Measurement of the Scintillation Yield of Low-Energy Electrons in Liquid Xenon

TL;DR

This study measures how the scintillation yield of liquid xenon varies with low-energy electron energies between 2.1 and 120.2 keV, revealing a non-monotonic dependence and effects of ionization on light production.

Contribution

It provides the first detailed energy dependence of LXe scintillation yield for electrons in this energy range using the Compton coincidence technique.

Findings

Scintillation yield increases from 120 keV to 60 keV, then decreases by 30% down to 2 keV.

The 32.1 keV transition yield matches Compton electron measurements.

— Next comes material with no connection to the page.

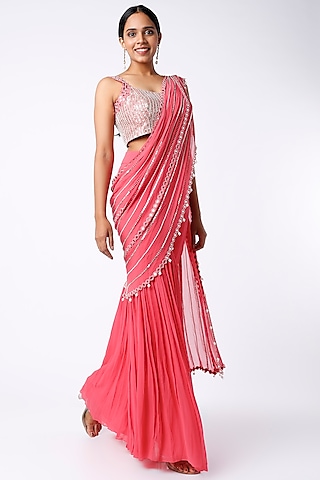 Neon Fuchsia Embroidered Sharara Saree Set by Kresha Lulla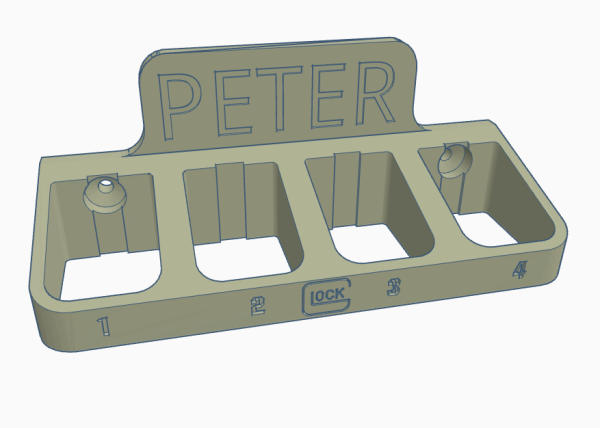Personalised Glock Magazine Storage Rack for 9mm 4 Magazines, Black - Image 2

The 9.4 keV transition yield is higher due to enhanced recombination effects.

Abstract

We have measured the energy dependence of the liquid xenon (LXe) scintillation yield of electrons with energy between 2.1 and 120.2keV, using the Compton coincidence technique. A LXe scintillation detector with a very high light detection efficiency was irradiated with 137Cs {\gamma} rays and the energy of the Compton-scattered {\gamma} rays was measured with a high-purity germanium (HPGe) detector placed at different scattering angles. The excellent energy resolution of the HPGe detector allows the selection of events with Compton electrons of known energy in the LXe detector. We find that the scintillation yield initially increases as the electron energy decreases from 120 keV to about 60keV but then decreases by about 30% from 60keV to 2keV. The measured scintillation yield was also measured with conversion electrons from the 32.1 keV and 9.4 keV transitions of the 83mKr isomer, used as an internal calibration source. We find that the scintillation yield of the 32.1 keV transition is compatible with that obtained from the Compton coincidence measurement. On the other hand, the yield for the 9.4keV transition is much higher than that measured for a Compton electron of the same energy. We interpret the enhancement in the scintillation yield as due to the enhanced recombination rate in the presence of Xe ions left from the 32.1 keV transition, which precedes the 9.4 keV one by 220 ns, on average.